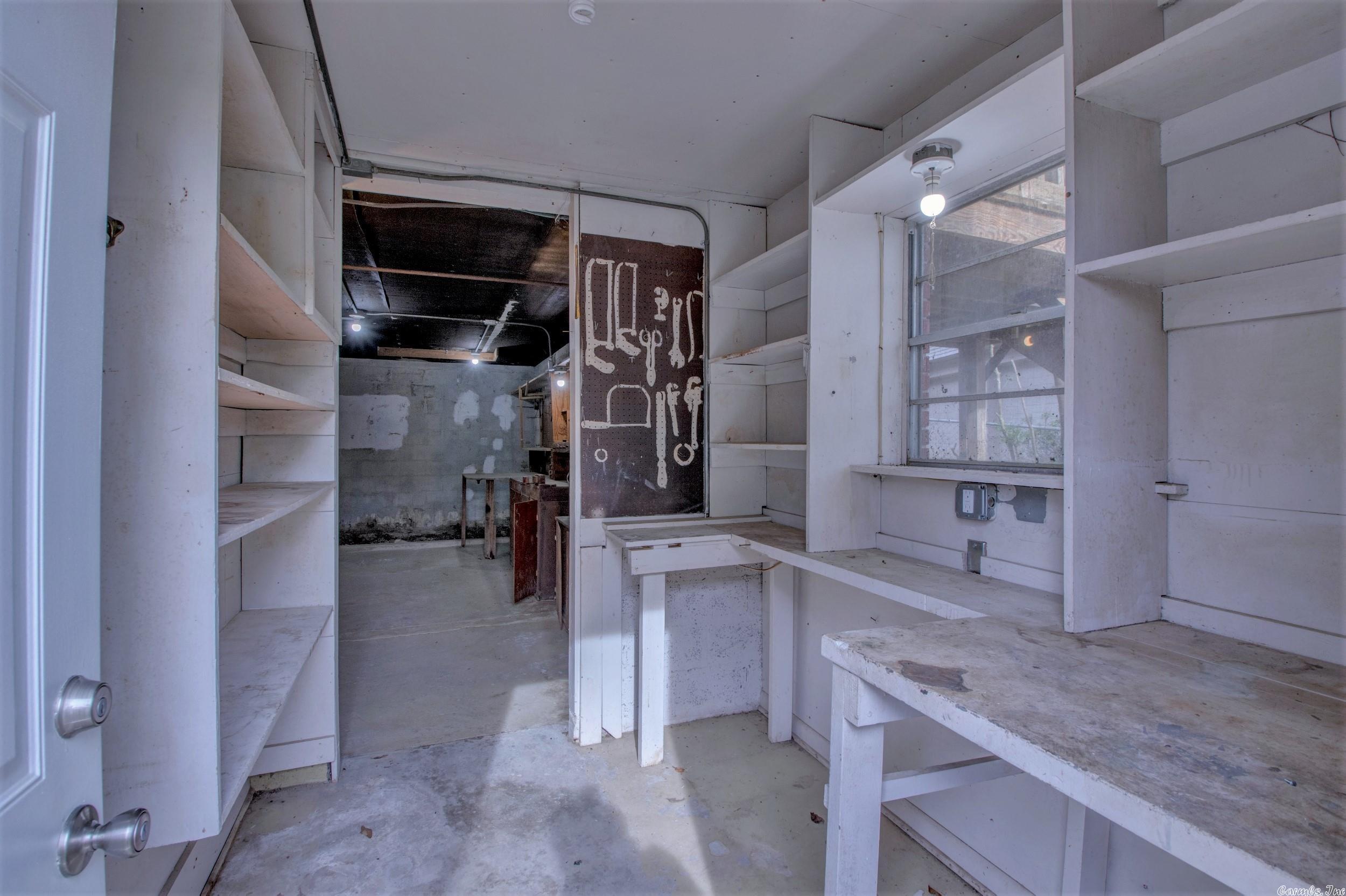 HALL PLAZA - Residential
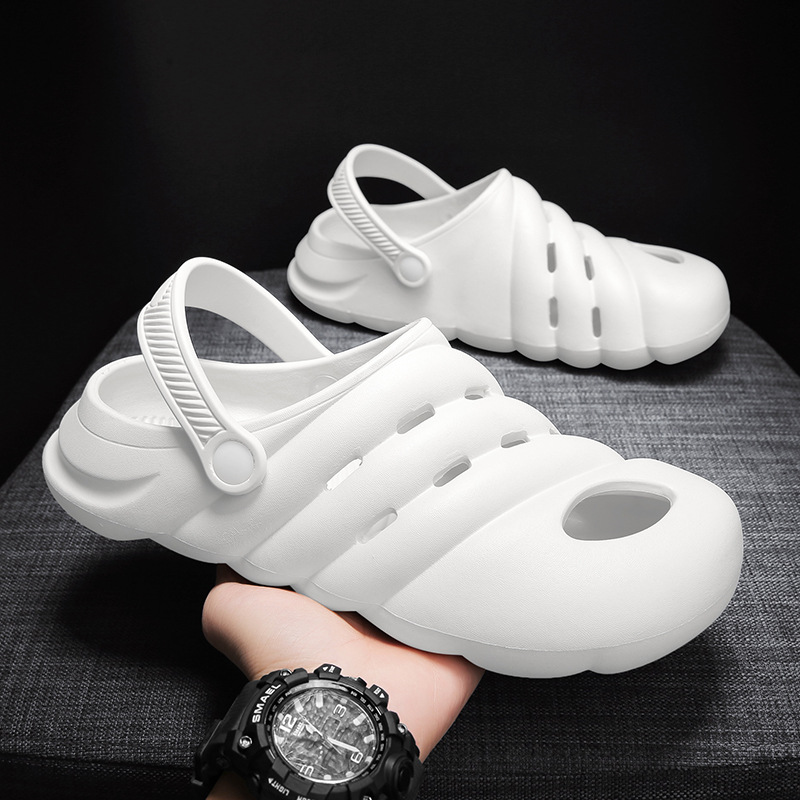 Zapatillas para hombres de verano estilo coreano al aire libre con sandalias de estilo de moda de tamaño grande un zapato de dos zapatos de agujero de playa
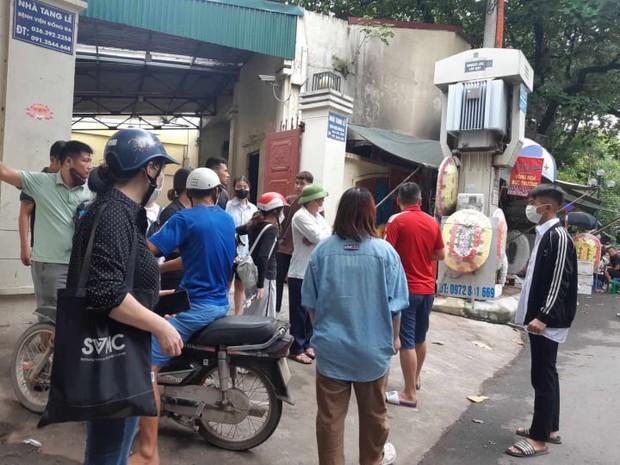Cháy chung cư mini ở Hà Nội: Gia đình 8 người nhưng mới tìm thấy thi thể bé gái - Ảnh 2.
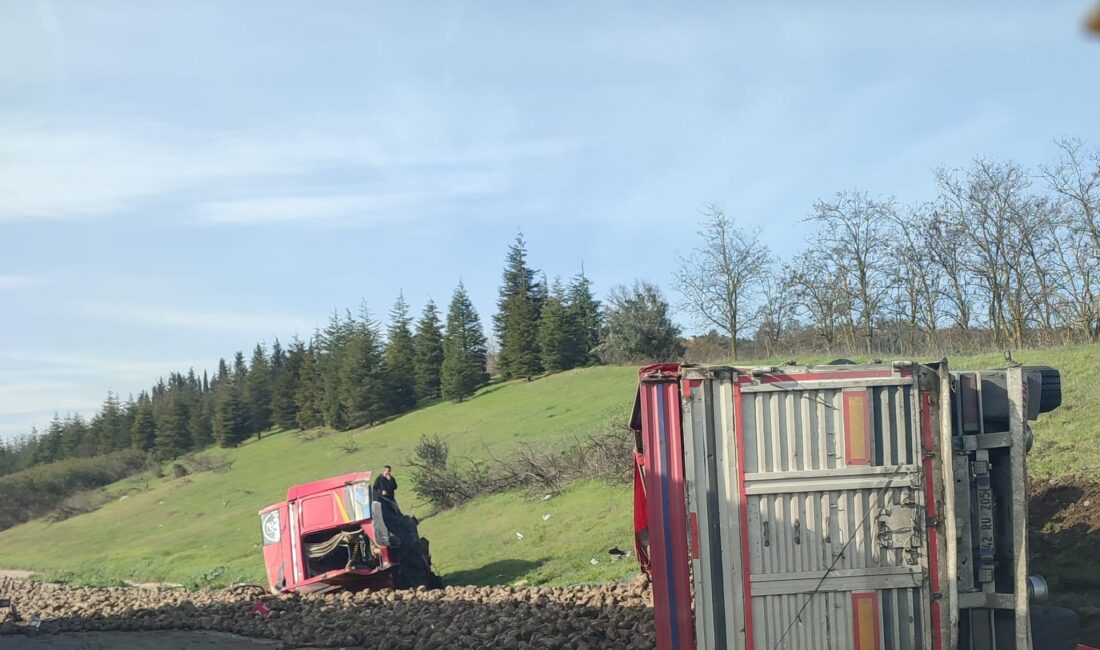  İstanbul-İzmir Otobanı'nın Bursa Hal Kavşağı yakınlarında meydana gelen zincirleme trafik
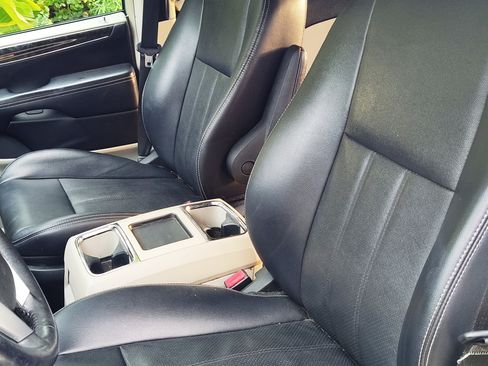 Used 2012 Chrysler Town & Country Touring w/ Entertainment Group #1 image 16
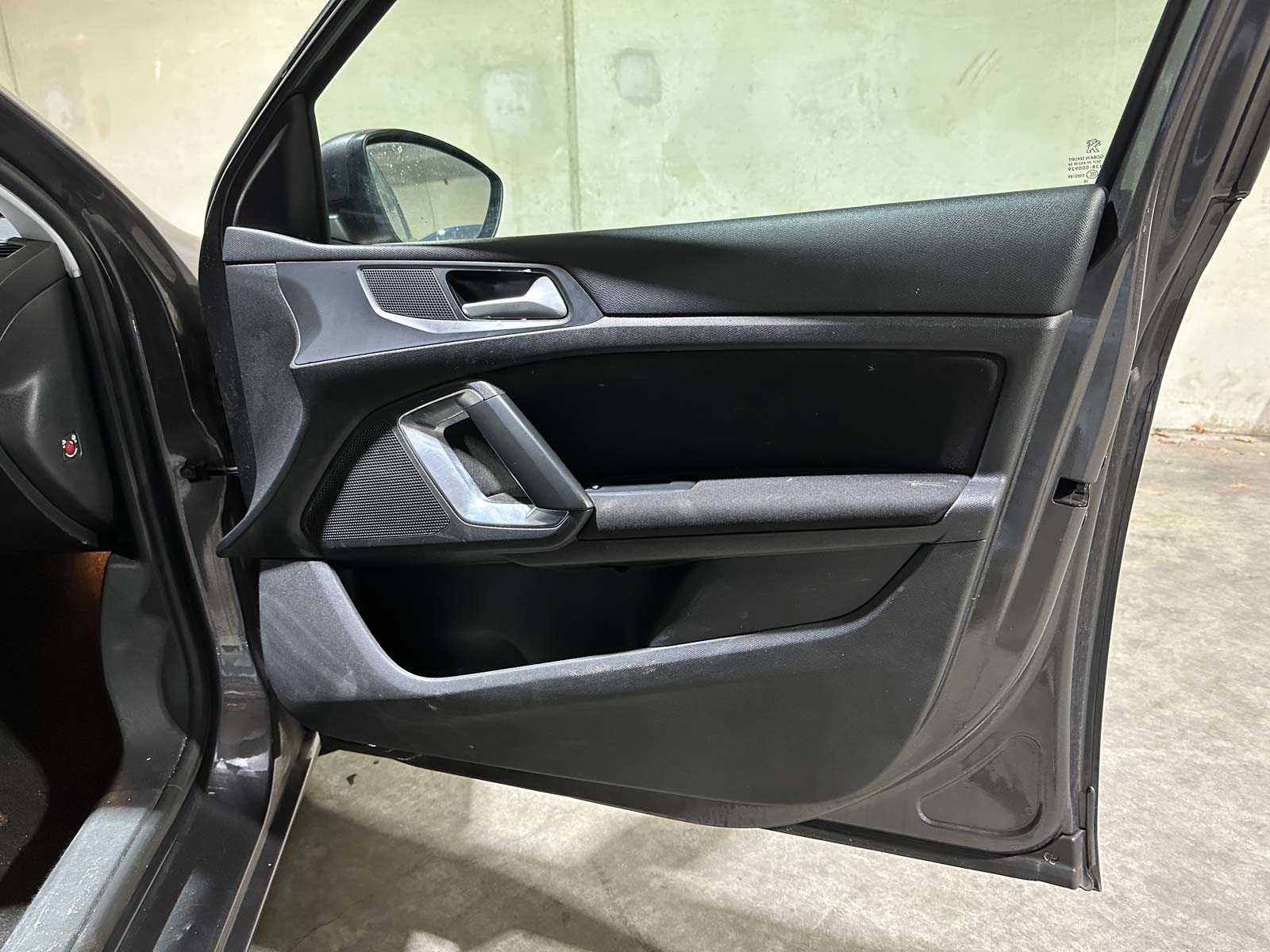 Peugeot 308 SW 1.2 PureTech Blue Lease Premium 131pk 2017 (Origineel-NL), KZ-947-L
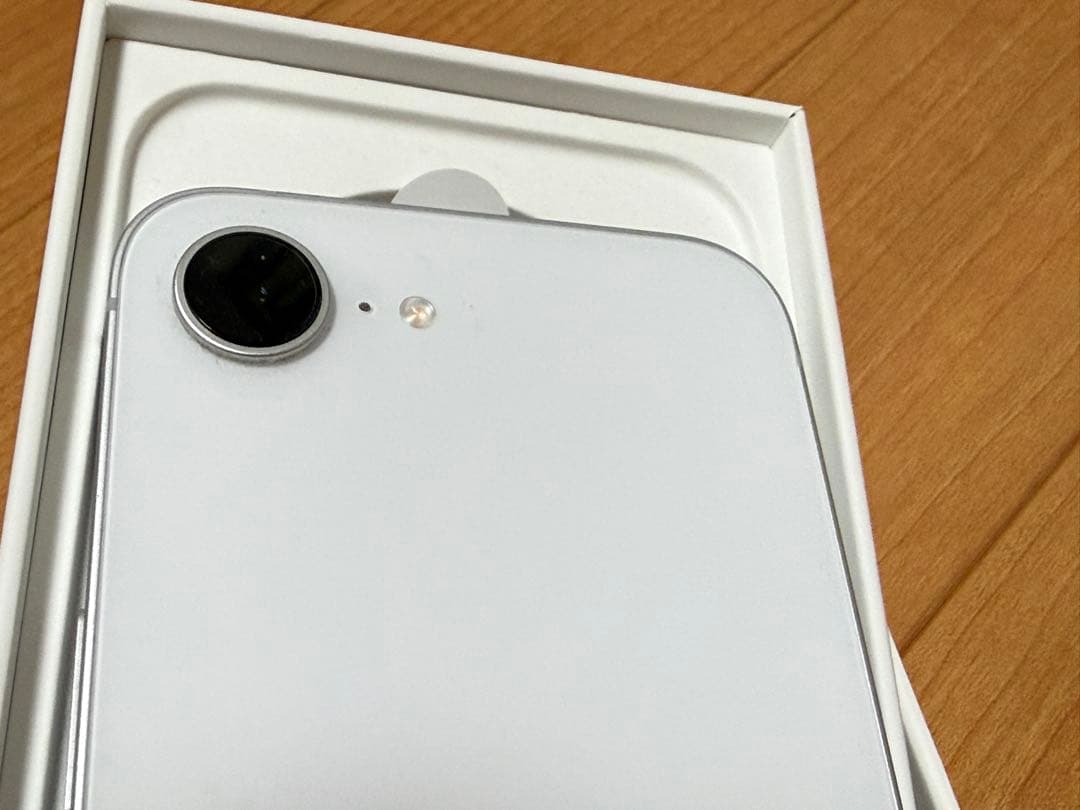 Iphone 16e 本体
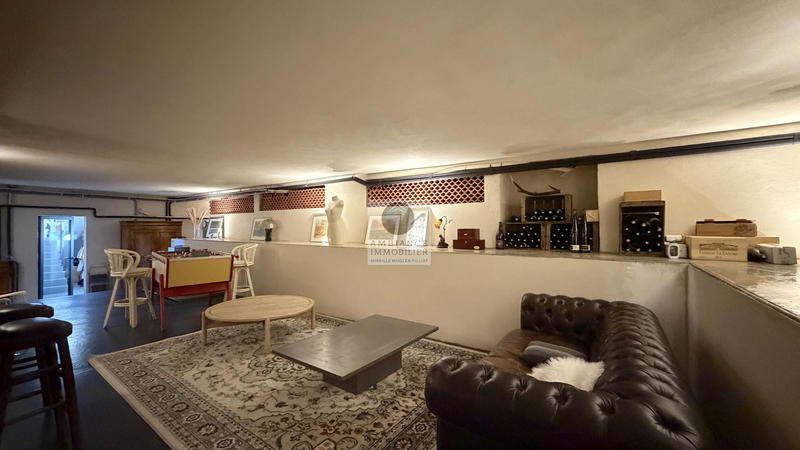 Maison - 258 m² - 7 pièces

**TASK OBJECTIVE**
Each line from the start of the entries to the line holding "İstanbul-İzmir Otobanı'nın Bursa" is to be given again exactly, both ends included, and each picture is to be left out.

**SOLUTION FOR THIS PROBLEM**
 HALL PLAZA - Residential
 Zapatillas para hombres de verano estilo coreano al aire libre con sandalias de estilo de moda de tamaño grande un zapato de dos zapatos de agujero de playa
Cháy chung cư mini ở Hà Nội: Gia đình 8 người nhưng mới tìm thấy thi thể bé gái - Ảnh 2.
  İstanbul-İzmir Otobanı'nın Bursa Hal Kavşağı yakınlarında meydana gelen zincirleme trafik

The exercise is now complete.